**Source material:**
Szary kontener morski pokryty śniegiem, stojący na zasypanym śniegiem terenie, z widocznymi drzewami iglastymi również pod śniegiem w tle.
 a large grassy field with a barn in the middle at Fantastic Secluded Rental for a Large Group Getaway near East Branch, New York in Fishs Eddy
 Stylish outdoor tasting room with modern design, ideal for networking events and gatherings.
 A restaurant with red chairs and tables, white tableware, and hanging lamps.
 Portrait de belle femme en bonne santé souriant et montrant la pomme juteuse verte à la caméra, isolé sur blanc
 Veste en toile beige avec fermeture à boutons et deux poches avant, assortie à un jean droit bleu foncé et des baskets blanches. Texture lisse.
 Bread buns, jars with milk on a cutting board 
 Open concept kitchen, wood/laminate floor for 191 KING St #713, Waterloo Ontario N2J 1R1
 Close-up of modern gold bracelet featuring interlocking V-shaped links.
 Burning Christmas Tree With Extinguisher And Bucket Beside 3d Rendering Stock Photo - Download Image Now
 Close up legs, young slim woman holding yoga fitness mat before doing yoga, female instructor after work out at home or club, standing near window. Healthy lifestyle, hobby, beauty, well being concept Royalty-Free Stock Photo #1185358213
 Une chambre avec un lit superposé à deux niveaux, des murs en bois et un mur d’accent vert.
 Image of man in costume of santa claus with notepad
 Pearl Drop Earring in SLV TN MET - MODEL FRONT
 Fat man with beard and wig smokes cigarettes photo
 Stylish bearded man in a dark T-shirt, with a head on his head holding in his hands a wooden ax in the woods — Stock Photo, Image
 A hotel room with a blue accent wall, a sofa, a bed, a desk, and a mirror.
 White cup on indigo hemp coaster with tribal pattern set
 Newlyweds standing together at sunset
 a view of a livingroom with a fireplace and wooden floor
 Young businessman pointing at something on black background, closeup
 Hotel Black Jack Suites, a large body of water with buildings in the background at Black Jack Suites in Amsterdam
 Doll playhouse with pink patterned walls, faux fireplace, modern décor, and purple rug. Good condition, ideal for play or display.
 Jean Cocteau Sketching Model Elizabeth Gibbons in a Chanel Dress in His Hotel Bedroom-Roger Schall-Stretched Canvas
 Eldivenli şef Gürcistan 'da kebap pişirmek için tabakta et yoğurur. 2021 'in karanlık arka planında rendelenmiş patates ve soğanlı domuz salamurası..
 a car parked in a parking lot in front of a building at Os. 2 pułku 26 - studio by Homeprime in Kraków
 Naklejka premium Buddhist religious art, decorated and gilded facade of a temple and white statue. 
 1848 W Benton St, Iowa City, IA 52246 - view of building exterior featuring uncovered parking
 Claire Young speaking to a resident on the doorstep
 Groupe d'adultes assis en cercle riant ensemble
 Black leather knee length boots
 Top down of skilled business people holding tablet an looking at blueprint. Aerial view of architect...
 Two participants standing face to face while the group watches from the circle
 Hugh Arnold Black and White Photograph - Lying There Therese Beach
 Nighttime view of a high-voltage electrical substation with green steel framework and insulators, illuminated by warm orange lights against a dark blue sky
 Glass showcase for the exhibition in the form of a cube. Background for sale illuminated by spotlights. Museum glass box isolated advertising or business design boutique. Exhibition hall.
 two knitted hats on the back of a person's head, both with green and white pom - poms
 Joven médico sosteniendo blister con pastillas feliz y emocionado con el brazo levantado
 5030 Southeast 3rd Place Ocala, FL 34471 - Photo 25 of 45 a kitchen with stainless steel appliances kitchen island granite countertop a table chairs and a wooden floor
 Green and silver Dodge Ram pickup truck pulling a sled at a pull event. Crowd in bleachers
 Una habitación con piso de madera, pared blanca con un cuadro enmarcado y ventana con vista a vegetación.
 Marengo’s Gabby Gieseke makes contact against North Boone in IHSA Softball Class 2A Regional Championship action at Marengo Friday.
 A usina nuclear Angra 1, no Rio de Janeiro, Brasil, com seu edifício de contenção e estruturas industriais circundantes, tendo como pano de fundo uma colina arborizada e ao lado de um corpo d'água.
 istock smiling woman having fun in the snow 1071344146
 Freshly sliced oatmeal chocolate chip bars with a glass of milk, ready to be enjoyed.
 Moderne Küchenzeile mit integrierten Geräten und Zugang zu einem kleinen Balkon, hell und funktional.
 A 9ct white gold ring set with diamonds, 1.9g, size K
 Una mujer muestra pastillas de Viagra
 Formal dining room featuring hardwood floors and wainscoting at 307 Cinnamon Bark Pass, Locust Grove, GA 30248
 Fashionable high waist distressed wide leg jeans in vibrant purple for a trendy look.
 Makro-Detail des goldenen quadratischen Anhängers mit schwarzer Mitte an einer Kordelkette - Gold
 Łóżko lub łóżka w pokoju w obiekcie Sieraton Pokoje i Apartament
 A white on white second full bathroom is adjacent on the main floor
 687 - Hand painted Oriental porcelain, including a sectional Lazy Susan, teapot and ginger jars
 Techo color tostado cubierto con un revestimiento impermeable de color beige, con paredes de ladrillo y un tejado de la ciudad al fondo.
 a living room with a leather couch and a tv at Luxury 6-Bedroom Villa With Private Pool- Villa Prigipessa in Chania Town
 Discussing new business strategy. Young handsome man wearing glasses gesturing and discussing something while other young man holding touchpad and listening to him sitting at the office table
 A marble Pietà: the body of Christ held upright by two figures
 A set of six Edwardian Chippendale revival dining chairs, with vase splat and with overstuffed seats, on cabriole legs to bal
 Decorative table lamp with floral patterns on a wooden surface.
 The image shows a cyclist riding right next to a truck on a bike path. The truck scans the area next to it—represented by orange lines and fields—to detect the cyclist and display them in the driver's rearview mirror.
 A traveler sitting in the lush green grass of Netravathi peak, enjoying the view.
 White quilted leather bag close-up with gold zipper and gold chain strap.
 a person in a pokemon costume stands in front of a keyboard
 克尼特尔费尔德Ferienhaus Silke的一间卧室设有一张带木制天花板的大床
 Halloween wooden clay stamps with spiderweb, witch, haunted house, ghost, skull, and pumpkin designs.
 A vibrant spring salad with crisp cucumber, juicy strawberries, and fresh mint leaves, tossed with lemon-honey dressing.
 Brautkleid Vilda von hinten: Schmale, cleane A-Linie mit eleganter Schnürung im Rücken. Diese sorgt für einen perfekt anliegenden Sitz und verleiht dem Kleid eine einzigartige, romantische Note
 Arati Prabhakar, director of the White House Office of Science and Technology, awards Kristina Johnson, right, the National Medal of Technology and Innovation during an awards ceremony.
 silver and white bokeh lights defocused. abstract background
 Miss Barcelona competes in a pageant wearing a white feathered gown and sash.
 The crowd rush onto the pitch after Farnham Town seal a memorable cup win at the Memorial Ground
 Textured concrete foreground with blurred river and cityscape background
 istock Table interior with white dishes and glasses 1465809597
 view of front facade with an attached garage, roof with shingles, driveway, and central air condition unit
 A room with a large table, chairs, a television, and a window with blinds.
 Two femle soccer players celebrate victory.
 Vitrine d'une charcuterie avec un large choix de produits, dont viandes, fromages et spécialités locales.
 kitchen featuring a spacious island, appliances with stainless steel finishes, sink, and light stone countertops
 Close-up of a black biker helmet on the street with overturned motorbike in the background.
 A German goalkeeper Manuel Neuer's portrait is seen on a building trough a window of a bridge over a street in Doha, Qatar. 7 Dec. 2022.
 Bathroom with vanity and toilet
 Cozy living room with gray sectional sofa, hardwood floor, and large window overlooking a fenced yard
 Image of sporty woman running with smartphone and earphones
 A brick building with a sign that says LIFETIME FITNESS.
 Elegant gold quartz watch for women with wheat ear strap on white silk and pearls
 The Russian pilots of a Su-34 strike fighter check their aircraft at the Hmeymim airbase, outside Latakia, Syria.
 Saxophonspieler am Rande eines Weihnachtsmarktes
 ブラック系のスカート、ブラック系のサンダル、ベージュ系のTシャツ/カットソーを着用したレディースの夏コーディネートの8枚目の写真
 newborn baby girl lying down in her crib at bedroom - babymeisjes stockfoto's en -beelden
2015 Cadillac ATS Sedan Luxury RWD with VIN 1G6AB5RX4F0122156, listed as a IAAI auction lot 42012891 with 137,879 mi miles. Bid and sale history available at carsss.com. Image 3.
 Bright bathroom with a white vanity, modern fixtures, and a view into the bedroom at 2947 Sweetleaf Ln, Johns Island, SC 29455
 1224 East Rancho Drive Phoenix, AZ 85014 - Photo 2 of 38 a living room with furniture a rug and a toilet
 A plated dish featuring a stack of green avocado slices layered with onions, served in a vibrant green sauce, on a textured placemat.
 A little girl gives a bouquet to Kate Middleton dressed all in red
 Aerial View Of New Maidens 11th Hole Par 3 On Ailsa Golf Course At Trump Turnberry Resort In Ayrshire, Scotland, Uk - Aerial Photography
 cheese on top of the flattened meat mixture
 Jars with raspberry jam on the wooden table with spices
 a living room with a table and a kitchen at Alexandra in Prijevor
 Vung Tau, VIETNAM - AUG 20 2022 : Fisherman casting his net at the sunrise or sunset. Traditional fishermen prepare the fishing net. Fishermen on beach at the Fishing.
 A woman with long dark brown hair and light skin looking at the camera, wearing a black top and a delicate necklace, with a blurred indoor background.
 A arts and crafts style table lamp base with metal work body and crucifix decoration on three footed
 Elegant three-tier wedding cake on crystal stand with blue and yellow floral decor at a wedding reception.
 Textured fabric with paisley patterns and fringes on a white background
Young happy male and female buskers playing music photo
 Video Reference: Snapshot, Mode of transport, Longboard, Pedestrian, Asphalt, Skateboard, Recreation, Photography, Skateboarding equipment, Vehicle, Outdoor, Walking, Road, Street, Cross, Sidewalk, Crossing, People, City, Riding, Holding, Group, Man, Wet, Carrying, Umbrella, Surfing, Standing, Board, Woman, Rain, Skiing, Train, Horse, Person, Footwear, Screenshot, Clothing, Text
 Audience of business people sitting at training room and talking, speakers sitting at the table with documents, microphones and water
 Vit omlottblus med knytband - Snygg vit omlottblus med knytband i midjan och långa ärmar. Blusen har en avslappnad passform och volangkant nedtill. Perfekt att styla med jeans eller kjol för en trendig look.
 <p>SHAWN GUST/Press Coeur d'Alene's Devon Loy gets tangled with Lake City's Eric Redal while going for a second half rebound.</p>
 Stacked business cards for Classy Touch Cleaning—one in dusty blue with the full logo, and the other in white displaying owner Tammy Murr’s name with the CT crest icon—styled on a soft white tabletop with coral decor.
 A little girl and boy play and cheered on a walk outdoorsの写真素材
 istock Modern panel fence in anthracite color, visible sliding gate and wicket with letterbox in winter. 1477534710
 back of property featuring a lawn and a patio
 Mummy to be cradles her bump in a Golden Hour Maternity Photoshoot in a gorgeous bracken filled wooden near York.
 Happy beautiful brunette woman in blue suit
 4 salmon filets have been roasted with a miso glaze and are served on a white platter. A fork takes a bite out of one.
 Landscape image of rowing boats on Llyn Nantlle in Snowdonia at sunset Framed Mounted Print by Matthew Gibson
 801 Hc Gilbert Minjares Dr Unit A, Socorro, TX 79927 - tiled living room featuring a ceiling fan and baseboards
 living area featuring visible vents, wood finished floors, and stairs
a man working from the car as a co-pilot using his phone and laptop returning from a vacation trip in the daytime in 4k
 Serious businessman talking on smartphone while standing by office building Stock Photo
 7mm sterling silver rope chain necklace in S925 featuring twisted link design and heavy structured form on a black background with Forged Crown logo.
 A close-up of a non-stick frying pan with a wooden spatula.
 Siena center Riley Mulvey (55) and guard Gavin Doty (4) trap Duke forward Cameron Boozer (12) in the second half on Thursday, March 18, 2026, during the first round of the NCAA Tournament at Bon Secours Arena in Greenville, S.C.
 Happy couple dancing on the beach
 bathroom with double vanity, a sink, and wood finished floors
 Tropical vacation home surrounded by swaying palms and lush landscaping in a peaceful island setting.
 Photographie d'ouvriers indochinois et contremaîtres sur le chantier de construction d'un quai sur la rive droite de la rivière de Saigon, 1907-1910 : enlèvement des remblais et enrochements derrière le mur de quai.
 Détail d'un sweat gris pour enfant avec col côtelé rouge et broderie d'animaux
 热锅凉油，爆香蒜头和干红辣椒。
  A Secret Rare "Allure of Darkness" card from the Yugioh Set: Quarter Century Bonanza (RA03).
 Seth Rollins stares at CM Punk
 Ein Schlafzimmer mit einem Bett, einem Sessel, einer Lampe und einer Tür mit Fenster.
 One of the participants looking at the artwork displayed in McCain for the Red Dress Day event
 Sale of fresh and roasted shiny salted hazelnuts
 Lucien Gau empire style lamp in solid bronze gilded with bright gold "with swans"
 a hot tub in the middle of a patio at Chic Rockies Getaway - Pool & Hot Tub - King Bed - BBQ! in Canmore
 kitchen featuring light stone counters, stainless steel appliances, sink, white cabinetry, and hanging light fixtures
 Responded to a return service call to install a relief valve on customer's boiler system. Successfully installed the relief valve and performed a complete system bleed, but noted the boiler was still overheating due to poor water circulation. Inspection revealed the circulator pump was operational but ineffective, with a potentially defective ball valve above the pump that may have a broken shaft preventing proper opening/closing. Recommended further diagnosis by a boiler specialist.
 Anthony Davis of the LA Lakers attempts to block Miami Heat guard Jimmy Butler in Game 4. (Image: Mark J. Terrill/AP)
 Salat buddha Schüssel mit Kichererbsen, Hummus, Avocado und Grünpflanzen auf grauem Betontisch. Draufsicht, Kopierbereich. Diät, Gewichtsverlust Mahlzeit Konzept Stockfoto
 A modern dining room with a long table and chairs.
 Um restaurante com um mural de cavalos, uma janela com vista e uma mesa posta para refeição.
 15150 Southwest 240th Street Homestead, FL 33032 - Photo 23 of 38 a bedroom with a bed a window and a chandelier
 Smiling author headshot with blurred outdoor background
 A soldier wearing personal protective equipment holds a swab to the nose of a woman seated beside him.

**Work required:**
Please find every line in the records that contains the word "large", and copy it out.

**Output of the task:**
 a large grassy field with a barn in the middle at Fantastic Secluded Rental for a Large Group Getaway near East Branch, New York in Fishs Eddy
 Hotel Black Jack Suites, a large body of water with buildings in the background at Black Jack Suites in Amsterdam
 A room with a large table, chairs, a television, and a window with blinds.
 Vitrine d'une charcuterie avec un large choix de produits, dont viandes, fromages et spécialités locales.
 Cozy living room with gray sectional sofa, hardwood floor, and large window overlooking a fenced yard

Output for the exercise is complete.